Input for this task
______________________________

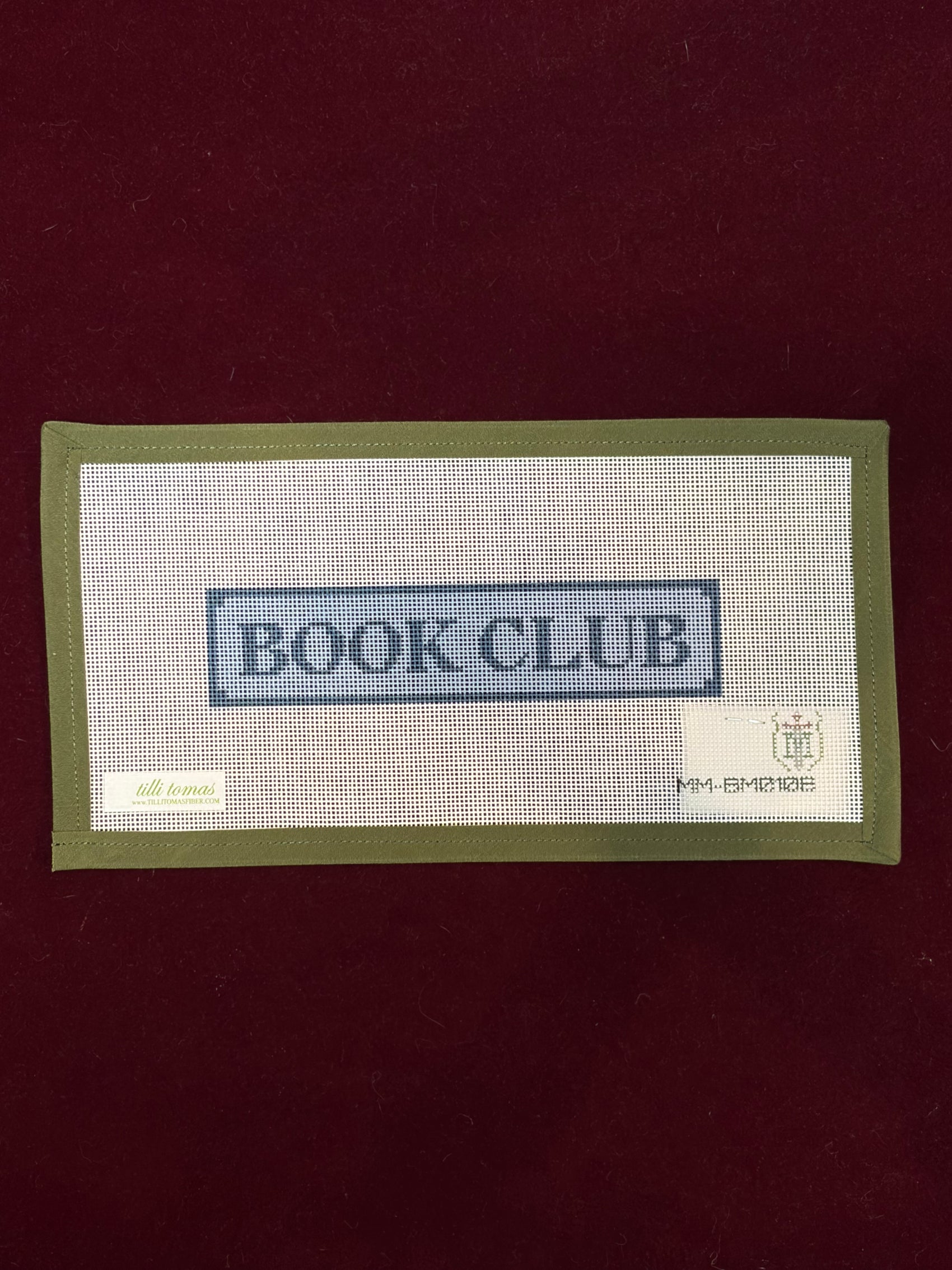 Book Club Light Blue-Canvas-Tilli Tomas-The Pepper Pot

______________________________

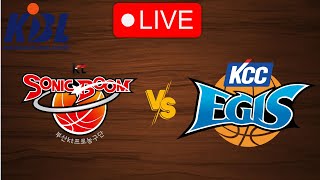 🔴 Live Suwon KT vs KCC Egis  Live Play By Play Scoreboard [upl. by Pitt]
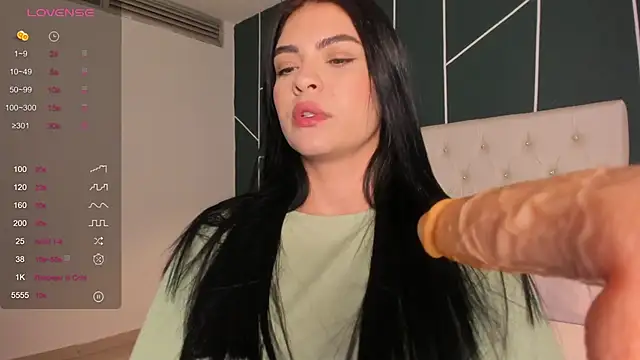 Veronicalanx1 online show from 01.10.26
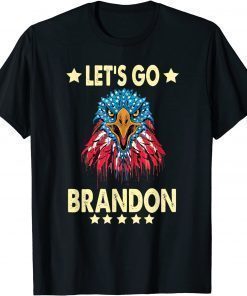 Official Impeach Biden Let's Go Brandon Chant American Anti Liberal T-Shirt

______________________________

Your instructions
Using the data above, give again exactly the lines starting at the one holding "[upl. by Pitt]" and ending at the one holding "Official Impeach Biden", inclusive, and nothing more. Omit the pictures.

Written response
 🔴 Live Suwon KT vs KCC Egis  Live Play By Play Scoreboard [upl. by Pitt]
 Veronicalanx1 online show from 01.10.26
 Official Impeach Biden Let's Go Brandon Chant American Anti Liberal T-Shirt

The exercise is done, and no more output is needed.